* [TASK TO COMPLETE]
Every line from the one with "Pendientes Cascada de Plata 925 con Colores" through the final line of the data below goes in the answer, copied exactly. Pictures do not.

* [COLLECTED MATERIAL]
_ _ _ _ _ _ _
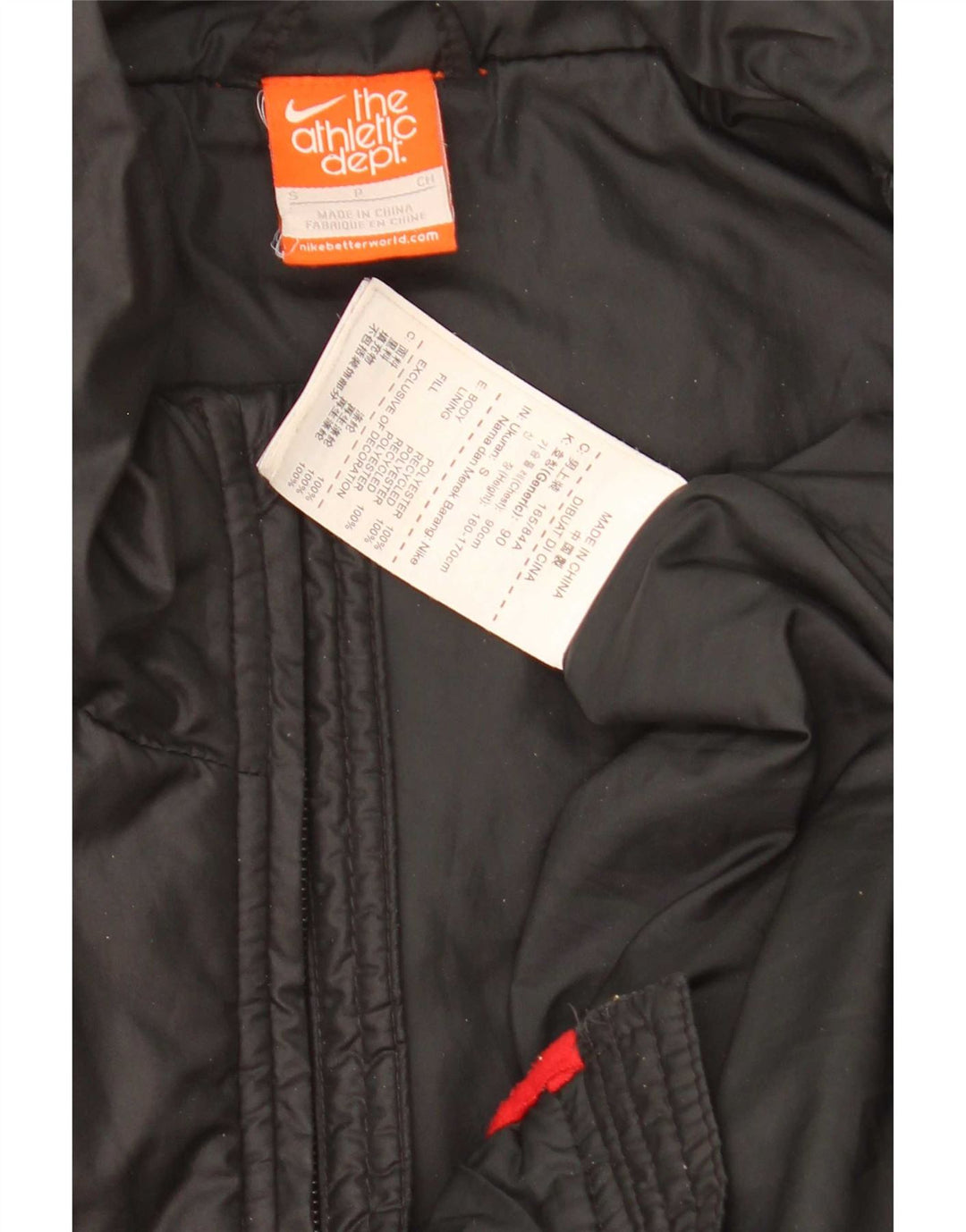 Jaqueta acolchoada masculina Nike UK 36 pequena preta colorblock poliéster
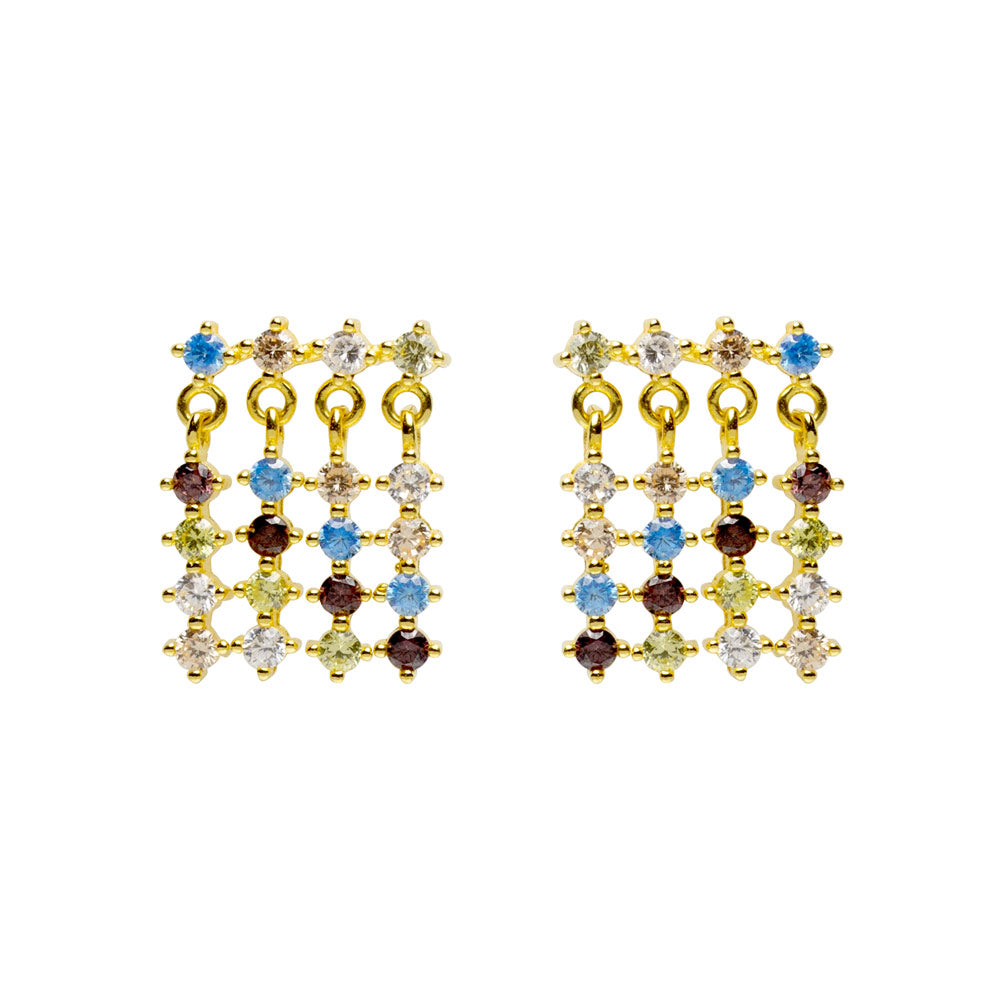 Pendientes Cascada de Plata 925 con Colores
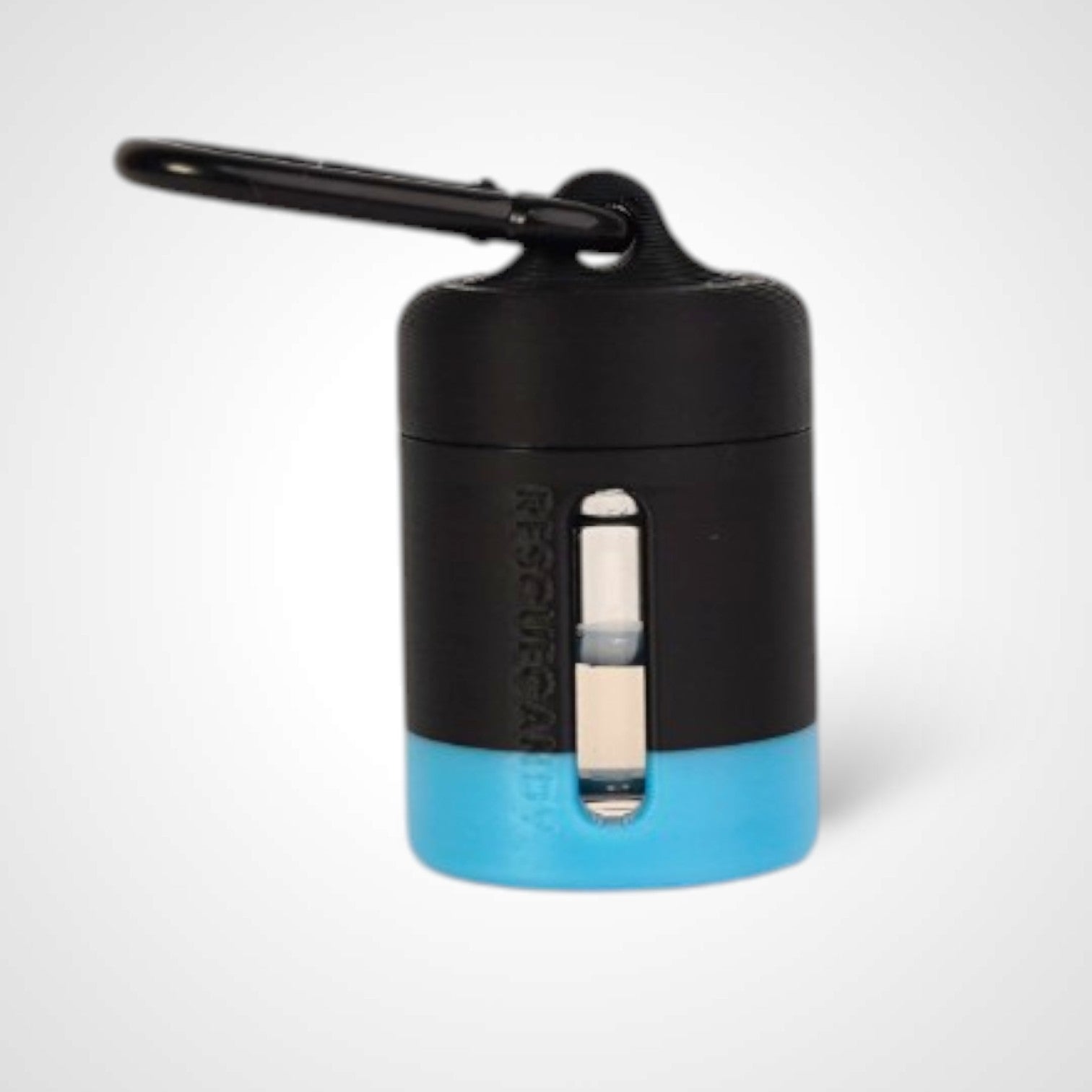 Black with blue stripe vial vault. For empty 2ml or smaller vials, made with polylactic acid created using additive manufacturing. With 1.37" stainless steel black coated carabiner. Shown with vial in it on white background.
_ _ _ _ _ _ _
* [OUTPUT OF THE TASK]
 Pendientes Cascada de Plata 925 con Colores
 Black with blue stripe vial vault. For empty 2ml or smaller vials, made with polylactic acid created using additive manufacturing. With 1.37" stainless steel black coated carabiner. Shown with vial in it on white background.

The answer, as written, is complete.